Background Systemic lupus erythematosus (SLE) is a heterogenous autoimmune disease. Treatment trajectories following high disease activity state (HDAS), as defined by SLEDAI score 10, have not been well described.
Methods Longitudinal trajectories of patients from the Australian Lupus Registry were studied. HDAS periods were defined as the time from which HDAS begins, until the patient fulfils criteria for Low Lupus Disease Activity (LLDAS), or up to 365 days. Treatment escalation is defined as either an addition of hydroxychloroquine (HCQ), prednisolone (PNL) and immunosuppressant (IS), or any change in IS drug. De-escalation is either dose reduction or cessation of HCQ or IS without meeting treatment escalation criteria. Treatment trajectories were examined as the rolling sum (over time) of escalations and de-escalations and were clustered using k-means clustering methods. Different clustering partitions were tested. The R package kml was used for cluster determination and quality criterion calculations. The differences in time to resolution of HDAS between clusters were tested using likelihood ratio test. The relationships between continuous covariates (cumulative PNL, number of escalations, number of de-escalations, time to first escalation, number of mild-to-moderate flares, number of severe flares and change in damage index) and cluster were examined using analysis of variance (ANOVA) and Tukeys HSD.
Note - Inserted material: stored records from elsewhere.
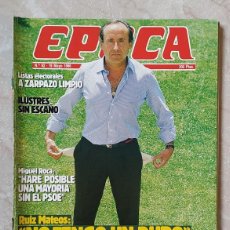 Coleccionismo de Revista Época: REVISTA EPOCA 62 : MIGUEL ROCA - RUIZ MATEOS - LA SELECCION ESPAÑOLA - CERVEZA. Lote 398628729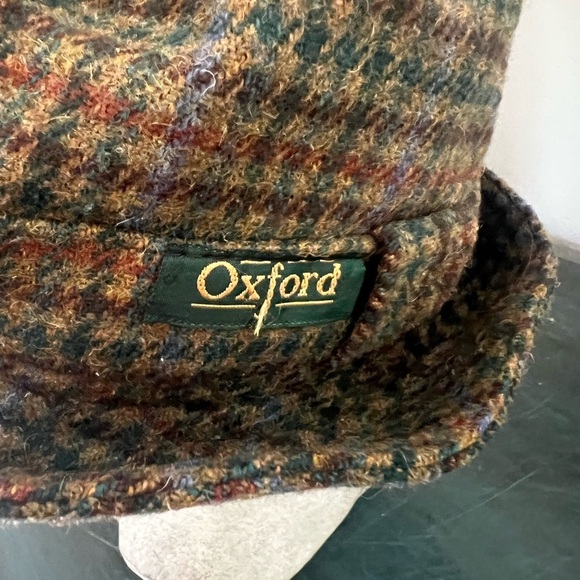 Oxford Blue Men’s Tweed Fedora made in England. 23.5” - Picture 2 of 7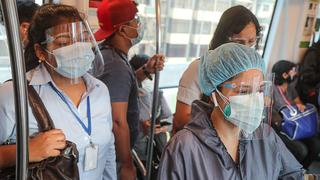 Uso de protector facial en Metro de Lima seguirá siendo obligatorio por disposición del Gobierno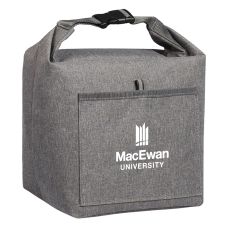 Custom Heathered Polyester Roll-up Insulated Lunch Tote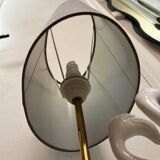 White porcelain flamingo lamp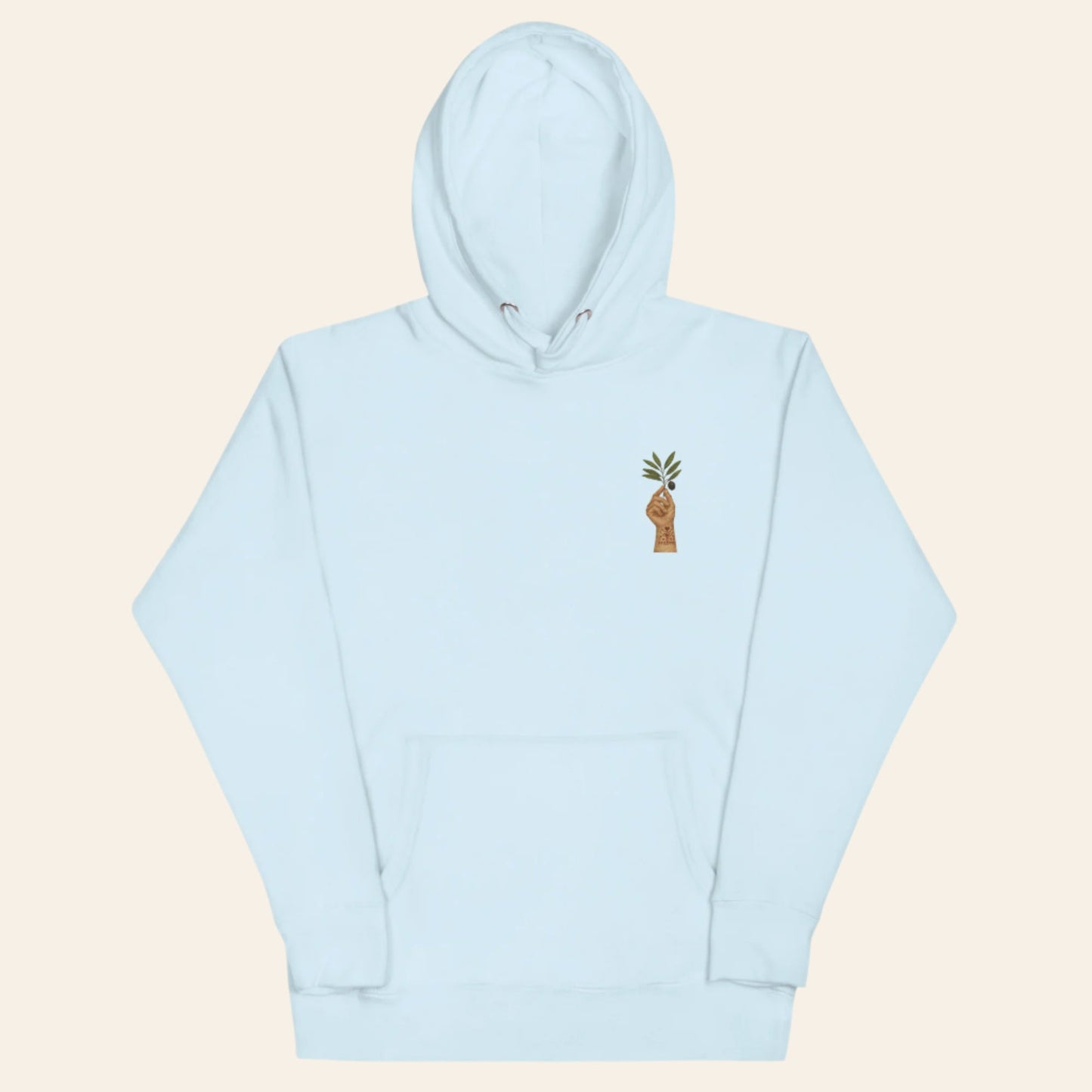 Embroidered Olive & Tatreez Hoodie - Wear Yaani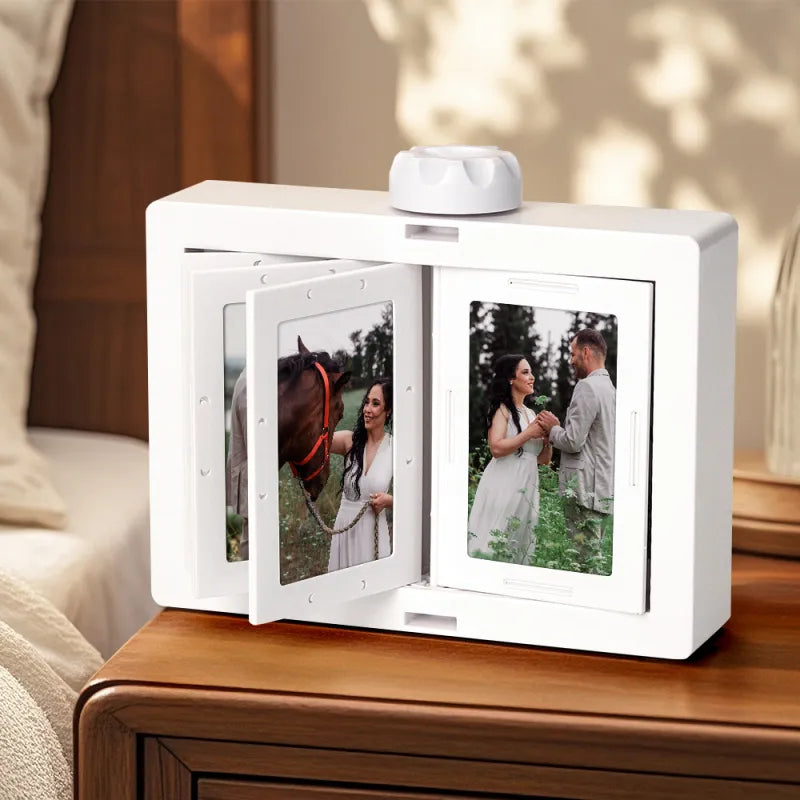 Personalized Rotating Photo Frame Carousel Custom Photo Desktop Photo Reel Flip & Spin Photo Box Valentines Gift Anniversary GIft
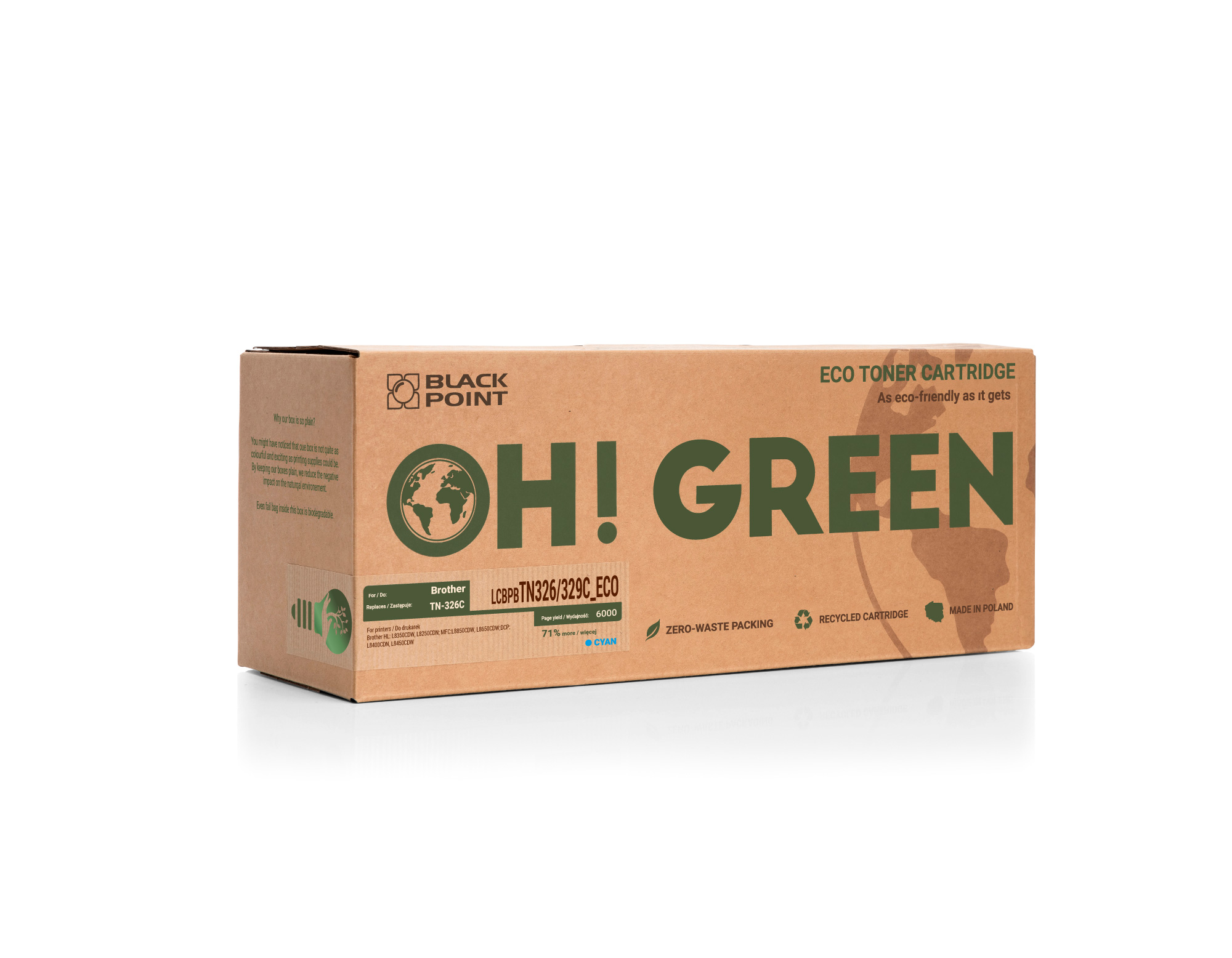 Toner oh green Brother tn-326c / tn-329c | espryciarze.pl | Skorzystaj z topowej oferty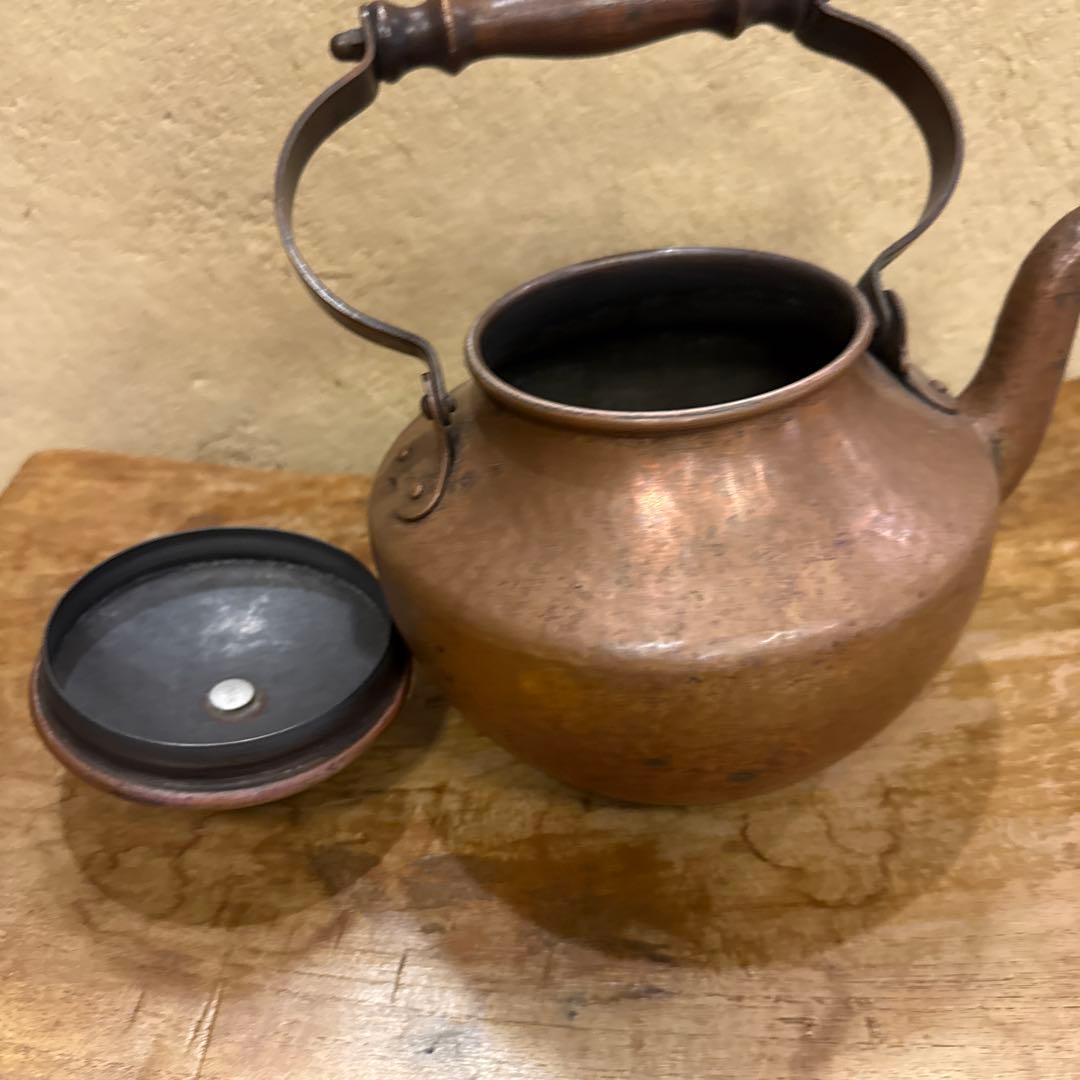 銅製　やかん　アンティーク　made in Germany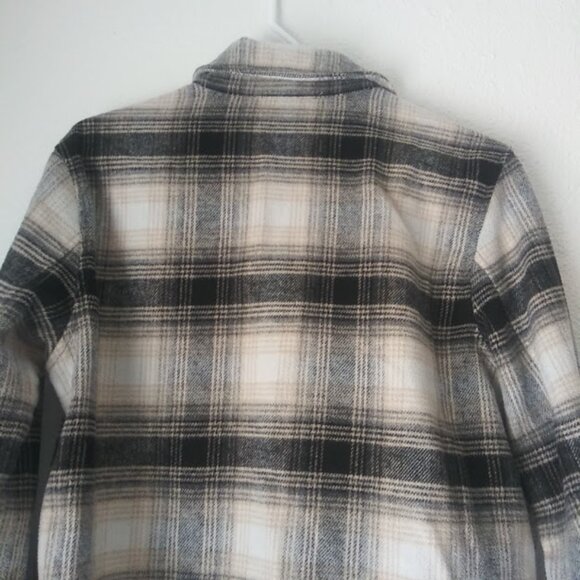 BB Dakota by Steve Madden women's size S plaid jacket - Picture 5 of 15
Results A total of 210 HDAS periods (104 patients) were identified. Of the HDAS periods, patients were classified as treatment naïve (10%), HCQ inadequate response (20%), IS inadequate response (68%), and combination IS inadequate response (2%). The most commonly used IS was mycophenolate (23% of all HDAS periods). The trajectories were categorized into 3 final clusters: Cluster A (42/210) had more escalations than Cluster B (132/210) and Cluster C (36/210), see figure 1. There was no difference between clusters in the duration of time spent in HDAS, but a trend for higher cumulative PNL in Cluster A and they had significantly more and earlier escalations than Cluster B and C. Damage accrual appeared to be highest in Cluster C (the de-escalators) although not statistically significant. There was no difference between the distribution of the baseline treatment groups in each cluster.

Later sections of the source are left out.